FEDERAL CIRCUIT COURT OF AUSTRALIA

AUSTRALIAN BUILDING & CONSTRUCTION COMMISSIONER v COLLIER & ORS [2017] FCCA 1964

Catchwords:
INDUSTRIAL LAW – Application made pursuant to ss.499, 500 and 503(1) of the Fair Work Act 2009 (Cth).

PRACTICE & PROCEDURE – Application for leave to re-open – applicant’s case closed – whether applicant should be granted leave to re-open its case and adduce evidence in reply – civil penalty proceeding – penalty privilege – leave granted.

Legislation:

Corporations Act 2001

Fair Work Act 2009 (Cth), ss.499, 500, 501(3), 539, 793

Federal Circuit Court Rules 2001(Cth), rr.13.03B, 17.02

Cases cited:

Australian Securities and Investments Commission v Mining Projects Group Limited [2007] FCA 1620; (2007) 164 FCR 32

Inspector-General in Bankruptcy v Bradshaw [2006] FCA 22
The Movie Network Channels Pty Ltd v Optus Vision Ltd [2009] NSWSC 132
ASIC v Rich [2006] NSWSC 826; (2006) 235 ALR 587
Australian Building and Construction Commissioner v Hall [2017] FCA 274
Urban Transport Authority of NSW v NWEISER (1992) 28 NSWLR 471
The Silver Fox Company Pty Ltd as Trustee for the Baker Family Trust  v Lenard’s Pty Ltd (No 2) [2004] FCA 1310
Smith v NSW Bar Association [1992] HCA 36; (1992) 176 CLR 256
Fair Work Ombudsman v Safecorp Security Group Pty Ltd& Anor [2017] FCCA 348

Applicant: AUSTRALIAN BUILDING AND CONSTRUCTION COMMISSIONER
First Respondent: LUKE COLLIER
Second Respondent: CONSTRUCTION, FORESTRY, MINING AND ENERGY UNION
Third Respondent: CONSTRUCTION, FORESTRY, MINING AND ENERGY UNION (NSW BRANCH)
File Number: SYG 3426 of 2014
Judgment of: Judge Nicholls
Hearing date: 20 - 23 March 2017
Date of Last Submission: 23 March 2017
Delivered at: Sydney
Delivered on: 18 August 2017

REPRESENTATION

Counsel for the Applicant: Mr A Britt
Solicitors for the Applicant: Bartier Perry
Counsel for the Respondents: Mr I Latham
Solicitors for the Respondents: Taylor & Scott Lawyers

ORDERS

  1. Leave is granted to the applicant to re-open its case and adduce further evidence relevant to the issue of whether Mr Hackett is a “fully inducted project representative” as that term is used in the Visitor’s Induction document (AE3).

FEDERAL CIRCUIT COURT
OF AUSTRALIA
AT SYDNEY

SYG 3426 of 2014

AUSTRALIAN BUILDING AND CONSTRUCTION COMMISSIONER

Applicant

And

LUKE COLLIER

First Respondent

CONSTRUCTION, FORESTRY, MINING AND ENERGY UNION

Second Respondent

CONSTRUCTION, FORESTRY, MINING AND ENERGY UNION (NSW BRANCH)

Third Respondent

REASONS FOR JUDGMENT

As Corrected

  1. This is an application made by the Australian Building and Construction Commissioner (“the applicant”) on 10 December 2014 pursuant to ss.499, 500 and 503(1) of the Fair Work Act 2009 (Cth) (“FWA”). The applicant is seeking declarations that Luke Collier (“the first respondent”) and, by operation of s.793 of the FWA, the Construction, Forestry, Mining and Energy Union (“the second respondent”) and the Construction, Forestry, Mining and Energy Union (NSW Branch) (“the third respondent”) contravened ss.499, 500 and 503(1) of the FWA by action taken by the first respondent at the site of the Barangaroo Headland Park construction project (“the Project”) on 5 March 2014.

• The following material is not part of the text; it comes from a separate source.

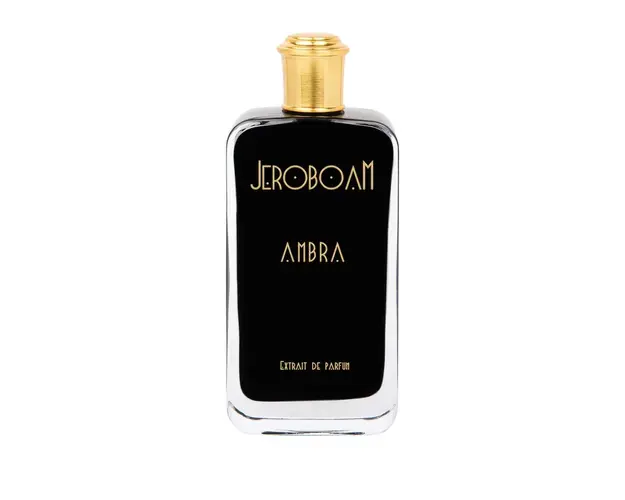 Ambra 100 ml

  2. The applicant is also seeking that pecuniary penalties pursuant to s.539 of the FWA be imposed on the first and second respondents.

  3. The current issue in this matter involves an application made by the applicant, at the close of the fourth day of the hearing on 23 March 2017, to re-open its case and adduce evidence in reply to the first respondent.

  4. Prior to the hearing of this matter, on 2 March 2017, I made orders, by consent, that pursuant to r.17.02 of the Federal Circuit Court Rules 2001 (Cth) (“the FCC Rules”), the question of the liability of the first respondent, be determined separately to the liability of the remaining respondents.

  5. The matter came before the Court for hearing on the liability of the first respondent on 20, 21, 22 and 23 March 2017.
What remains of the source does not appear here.